Statement on the situation of Eritrean refugees in Ethiopia’s Tigray region
By Filippo Grandi, UN High Commissioner for Refugees | 14 January 2021 | Français
I remain extremely troubled by the humanitarian situation in the Tigray region of Ethiopia and its impact on civilians, in particular Eritrean refugees hosted in the region.
We have recently seen some positive developments, working with the government to access and assist vulnerable populations, including the transport and distribution of food to some 25,000 Eritrean refugees in the Mai Aini and Adi Harush camps in Tigray. Last week UNHCR and partners carried out a rapid assessment mission at the two camps with the Ethiopian Agency for Refugee and Returnee Affairs and have been able to start restoring the water supply and limited health services. We hope that soon we will be able to re-establish full protection and other humanitarian activities.
However, in spite of repeated requests, UNHCR and partners have not yet had any access to the Shimelba and Hitsats refugee camps since the start of the law and order operation two months ago.
I am very worried for the safety and well-being of Eritrean refugees in those camps. They have been without any aid for many weeks. Furthermore, and of utmost concern, I continue to receive many reliable reports and first-hand accounts of ongoing insecurity and allegations of grave and distressing human rights abuses, including killings, targeted abductions and forced return of refugees to Eritrea. Reports of additional military incursions over the last 10 days are consistent with open source satellite imagery showing new fires burning and other fresh signs of destruction at the two camps. These are concrete indications of major violations of international law.
Ethiopia has long given refuge to people fleeing conflict and persecution. The Federal Government has provided assurances that measures are being taken to minimize the impact of the conflict on civilians. I have impressed upon the Ethiopian leadership the urgency of ensuring the protection of refugees, preventing forced return, and keeping refugee camps safe from attacks and other threats from armed actors.

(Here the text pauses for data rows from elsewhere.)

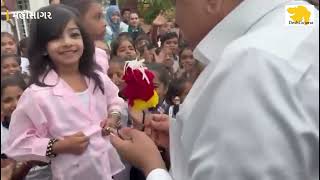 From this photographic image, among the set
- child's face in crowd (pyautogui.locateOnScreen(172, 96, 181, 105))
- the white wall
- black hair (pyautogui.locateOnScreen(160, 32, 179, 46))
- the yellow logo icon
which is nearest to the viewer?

Equally distressing to UNHCR teams on the ground has been our inability to assist thousands of Eritrean refugees who continue to flee the camps in search of safety and support. Refugees arriving on foot to Shire town in Tigray are emaciated, begging for aid that is not available. Refugees who reached Addis Ababa are being returned to Tigray, some against their will. While access to Mai Aini and Adi Harush camps is a good start, I must reiterate the UN-wide call for full and unimpeded access – exploring all options to safely provide desperately needed assistance.
UNHCR remains committed to work with the Ethiopian government to carry out our mandate to protect and assist those forced to flee in line with the humanitarian principles of impartiality and neutrality. We remain available to seek solutions – together – to the current humanitarian problems in a spirit of collaboration and constructive partnership. Safe access and swift action are needed now to save thousands of lives at risk.